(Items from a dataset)
____________
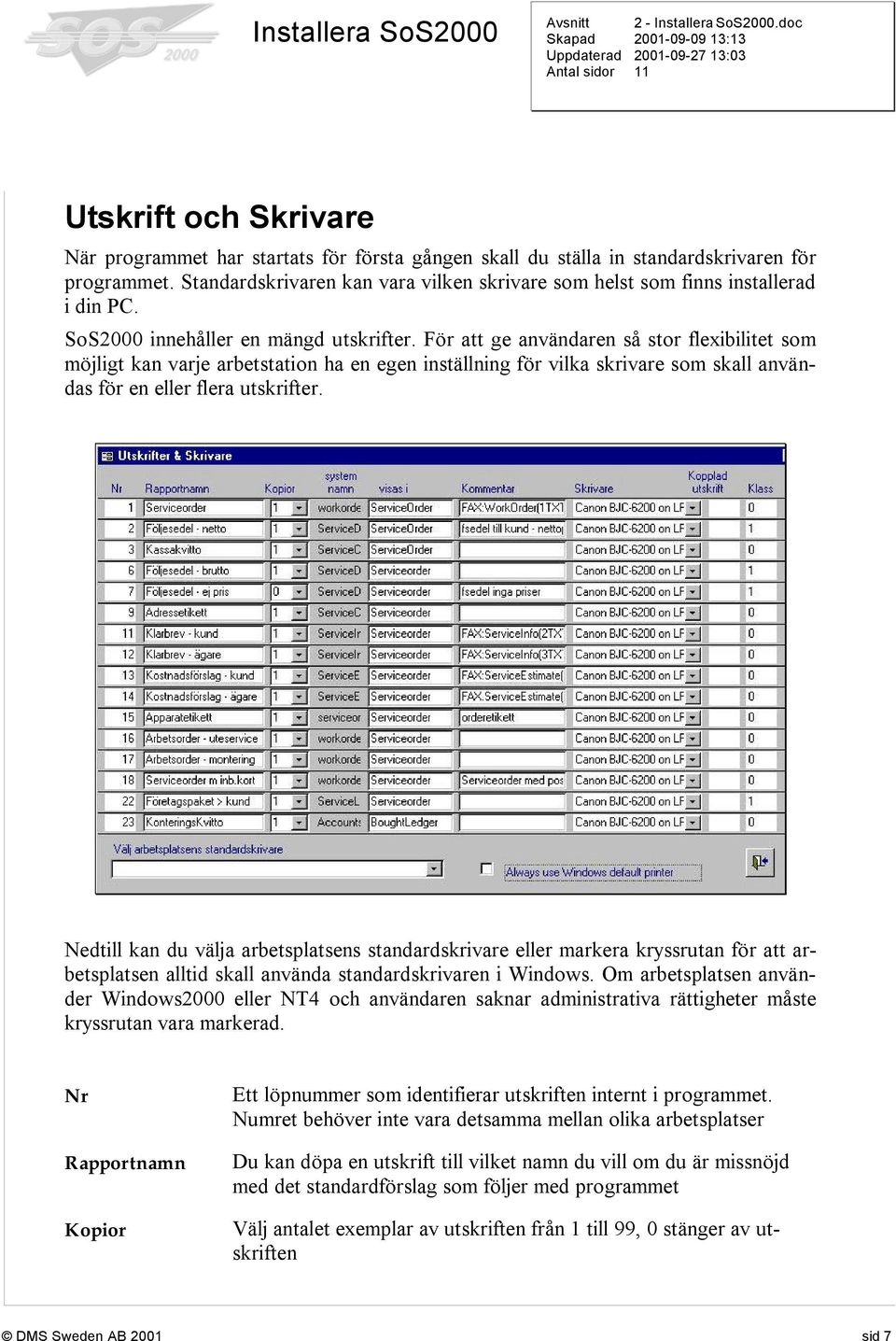 För att ge användaren så stor flexibilitet som möjligt kan varje arbetstation ha en egen inställning för vilka skrivare som skall användas för en eller flera utskrifter.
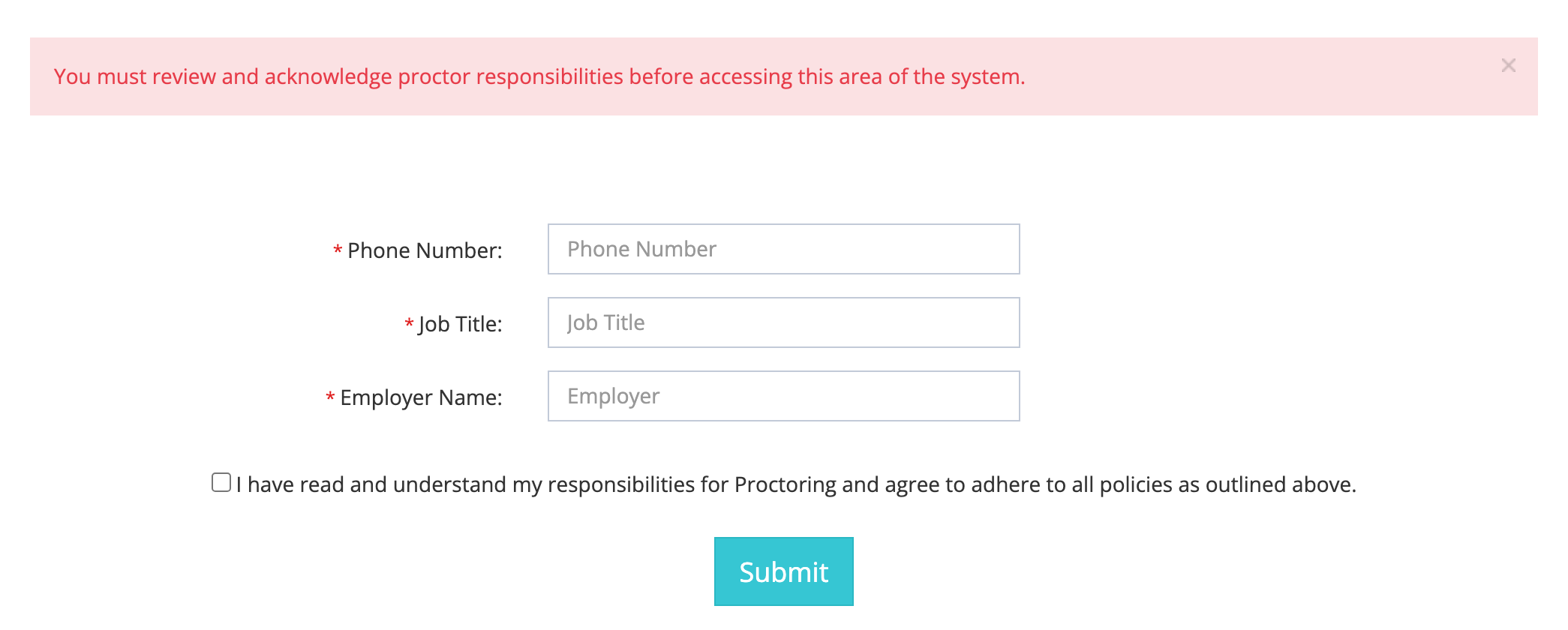 The proctor acknowledgment page with the message that you must acknowledge proctor responsibilities, required Phone Number, Job Title, and Employer Name fields, the agreement checkbox, and the Submit button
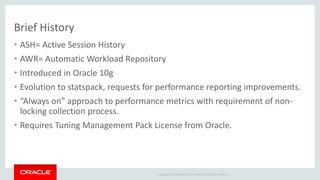 Brief History 
• ASH= Active Session History 
• AWR= Automatic Workload Repository 
• Introduced in Oracle 10g 
• Evolution to statspack, requests for performance reporting improvements. 
• “Always on” approach to performance metrics with requirement of non-locking 
Copyright © 2014 Oracle and/or its affiliates. All rights reserved. | 
collection process. 
• Requires Tuning Management Pack License from Oracle. 
 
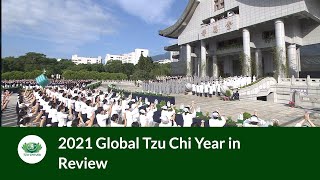 Global Buddhist Tzu Chi Foundation’s 2021 Year in Review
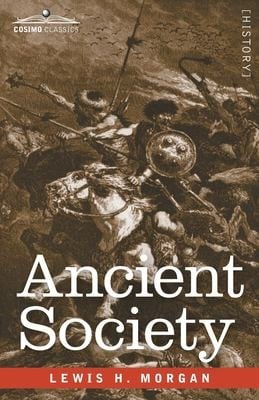 Ancient Society: Researches in the Lines of Human Progress from Savagery Through Barbarism to Civilization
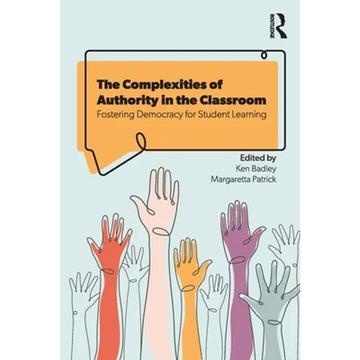 The Complexities of Authority in the Classroom: Fostering Democracy for Student Learning - Paperback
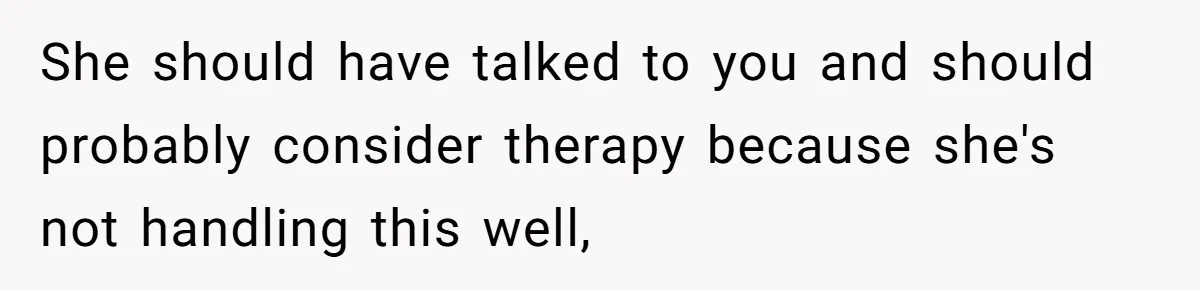 She should have talked to you and should probably consider therapy because she's not handling this well,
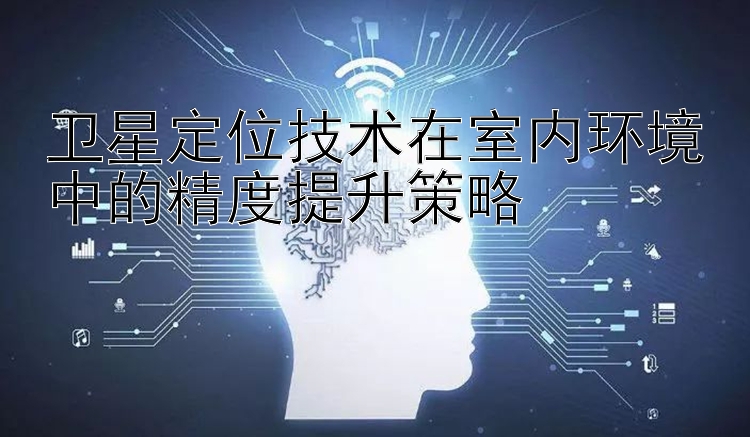 卫星定位技术在室内环境中的精度提升策略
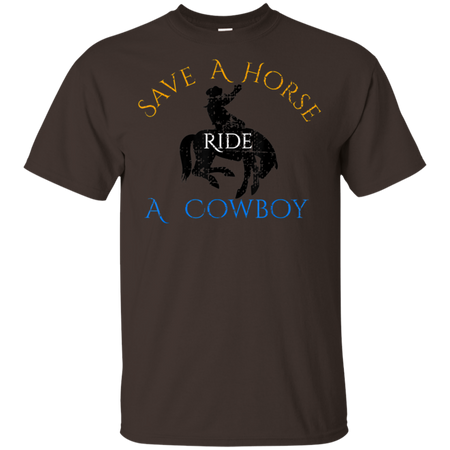 Save Horse Ride Cowboy Shirt G200 Gildan Ultra Cotton T-Shirt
____________
> About this exercise: What is needed is a word-for-word copy of the lines from the start of the data to the line with "requirement of non-locking", inclusive, with no pictures in it.

> Written solution:
 För att ge användaren så stor flexibilitet som möjligt kan varje arbetstation ha en egen inställning för vilka skrivare som skall användas för en eller flera utskrifter.
 The proctor acknowledgment page with the message that you must acknowledge proctor responsibilities, required Phone Number, Job Title, and Employer Name fields, the agreement checkbox, and the Submit button
 Brief History 
• ASH= Active Session History 
• AWR= Automatic Workload Repository 
• Introduced in Oracle 10g 
• Evolution to statspack, requests for performance reporting improvements. 
• “Always on” approach to performance metrics with requirement of non-locking 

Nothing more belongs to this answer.